[Problem to work on]:
Copy out again, unchanged, the listing below from the line that has "CHMM EXAM STUDY" through the line that has "Bounce Back: A Guide to Ove...".
Exercise materials Block Start
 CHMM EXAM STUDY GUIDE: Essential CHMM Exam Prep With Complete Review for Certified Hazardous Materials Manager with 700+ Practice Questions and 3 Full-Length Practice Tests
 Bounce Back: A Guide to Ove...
Exercise materials Block End
Exercise materials Block Start
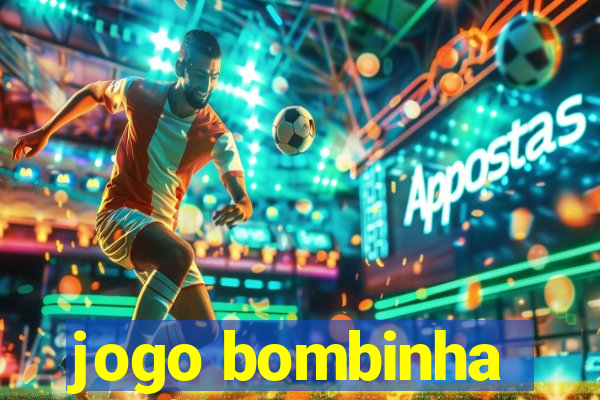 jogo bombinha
Exercise materials Block End
[Answer below]:
 CHMM EXAM STUDY GUIDE: Essential CHMM Exam Prep With Complete Review for Certified Hazardous Materials Manager with 700+ Practice Questions and 3 Full-Length Practice Tests
 Bounce Back: A Guide to Ove...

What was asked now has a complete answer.